On Tuesday, June 26th, Advanced Medical Imaging (AMI) hosted the groundbreaking ceremony for the ambulatory surgery center that will be built adjacent to the current AMI imaging center at 7601 Pioneers Blvd. AMI executive board members, including Nebraska Medical Association’s 2017 Physician of the Year, Kim Coleman, spoke about how the new facility will benefit Lincoln and the surrounding area. Jessica Shultis, Miss Nebraska 2018, works as a manager at the imaging center and spoke about her positive experience at AMI and other local medical facilities during her previous bouts with cancer.


The 10,000-square-foot addition will be connected to the 24,000-square-foot full-service imaging facility that opened in 2001. In April, the Lincoln-Lancaster County Planning Commission approved the multimillion-dollar expansion and Cheever Construction won the general contracting bid to see the project through.


Advanced Medical Imaging plans to be serving patients in the addition as soon as the fall of 2019. “This new ASC will allow independent physicians the opportunity to provide direct care to patients,” said Rahul Razdan, M.D., a vascular and interventional radiologist and current president of AMI. “With healthcare prices on the rise, we want to be able to offer the community affordable options for the highest quality of care.”
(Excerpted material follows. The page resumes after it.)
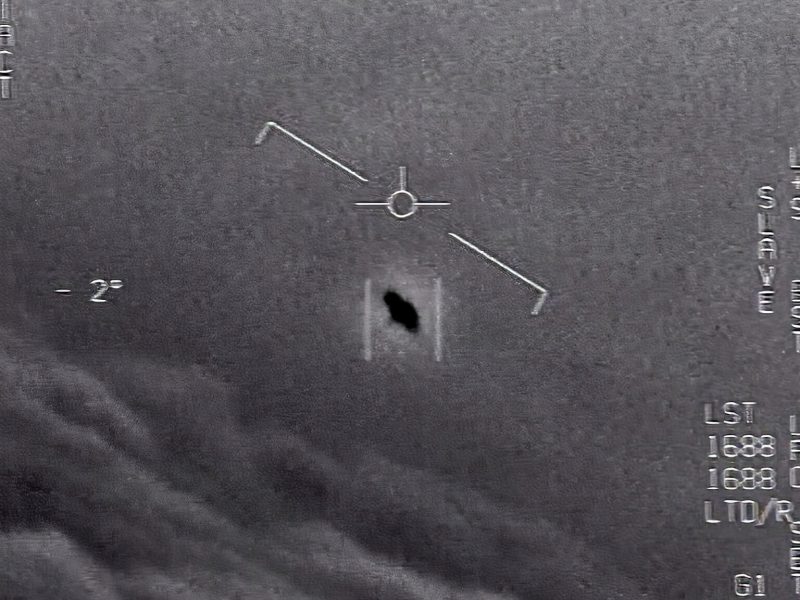 Small oblong black object at angle on gray background, with tick marks showing plane attitude.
According to a June 11th New York Times article, the cost of the same procedure on the same patient by the same physician can vary by thousands of dollars depending on whether it’s performed in a hospital, a hospital’s outpatient department, an ambulatory surgical center or a doctor’s office. New technologies are making outpatient care safer, and new payment models are encouraging a shift to lower-cost settings (Khullar & Frakt, 2018).


Vascular and interventional radiologists specialize in minimally-invasive, image-guided procedures. “We are passionate about making sure chronic pain sufferers have access to the most innovative pain relief solutions,” said Dr. Razdan.  “We want to do our part to fight the opioid epidemic by offering long-term treatments for people who suffer from chronic conditions such as migraines and back pain.”